All that is wanted is the exact lines from the one with "Aspidoscelis exsanguis" through the last line of the entries, with both ends kept and every picture left out.

___ EXTRACTED INFORMATION ___

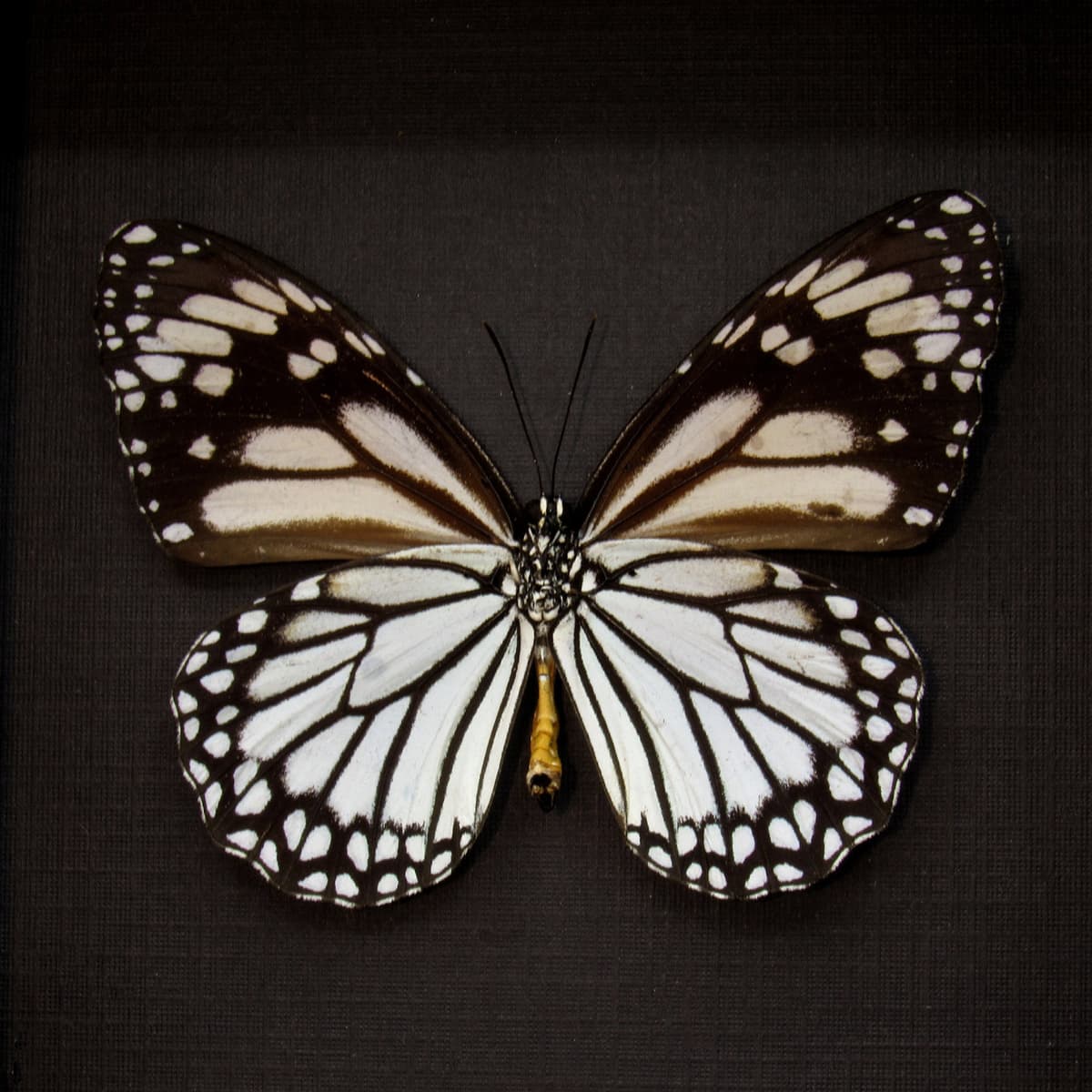 Real White Tiger butterfly framed taxidermy - Danaus melannipus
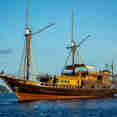 Euphoria Liveaboard cruising Raja Ampat Indonesia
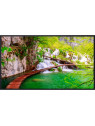 Moniteur Panasonic CQE2W - 50" (127 cm) 4K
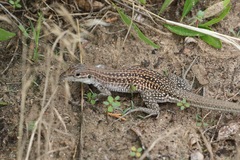 Aspidoscelis exsanguis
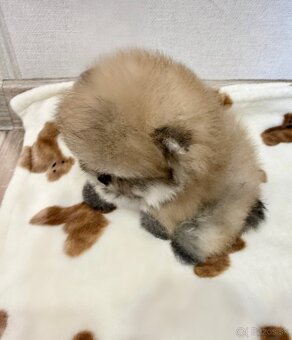 Pomeranian chlapček - 2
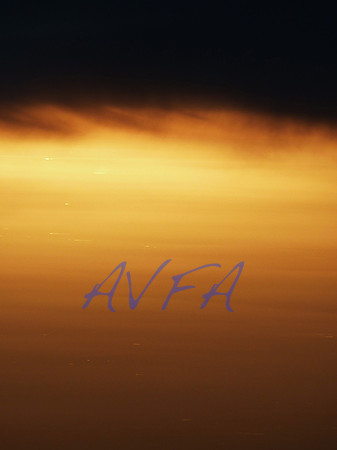 AVFA70959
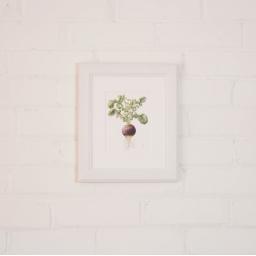 turnip small framed.jpg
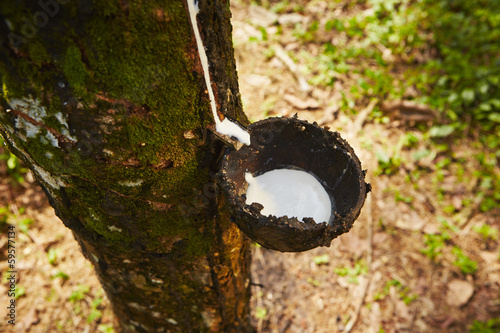 Rubber tree photo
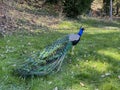 The Indian peafowl Pavo cristatus, Common peafowl, Blue peafowl or der Blaue Pfau, Conservatory and Botanical Garden of the City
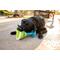 Show in main carousel: Multipet Margaritaville Margarita Glass Squeaky Plush Dog Toy, Blue, 8-in slide 4 of 5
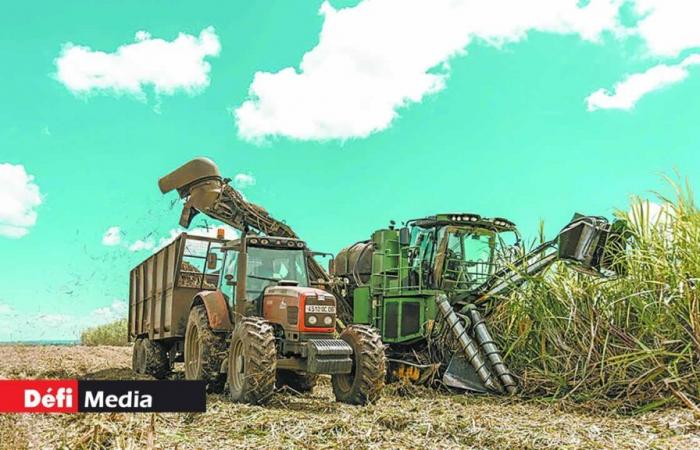 El alma de los campos…oro en cristales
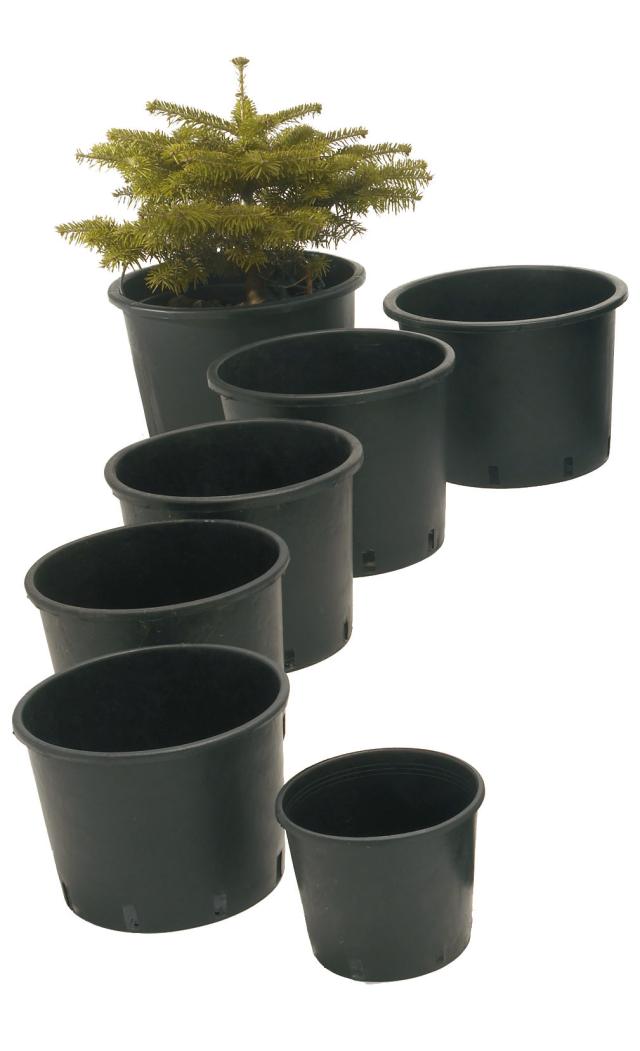 Juletræspotte, sort, Hovednr.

___

SOLUTION FOR THIS EXERCISE:
 Aspidoscelis exsanguis
 Pomeranian chlapček - 2
 AVFA70959
 turnip small framed.jpg
 Rubber tree photo
 The Indian peafowl Pavo cristatus, Common peafowl, Blue peafowl or der Blaue Pfau, Conservatory and Botanical Garden of the City
 Show in main carousel: Multipet Margaritaville Margarita Glass Squeaky Plush Dog Toy, Blue, 8-in slide 4 of 5
 El alma de los campos…oro en cristales
 Juletræspotte, sort, Hovednr.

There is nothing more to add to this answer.